*** Recorded information Section Begins ***

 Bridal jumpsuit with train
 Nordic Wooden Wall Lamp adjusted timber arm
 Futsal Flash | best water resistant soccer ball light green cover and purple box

*** Recorded information Section Ends ***

◆ Exercise goal ◆
Retype every line of the material exactly as given.

◆ Answer for the task ◆
 Bridal jumpsuit with train
 Nordic Wooden Wall Lamp adjusted timber arm
 Futsal Flash | best water resistant soccer ball light green cover and purple box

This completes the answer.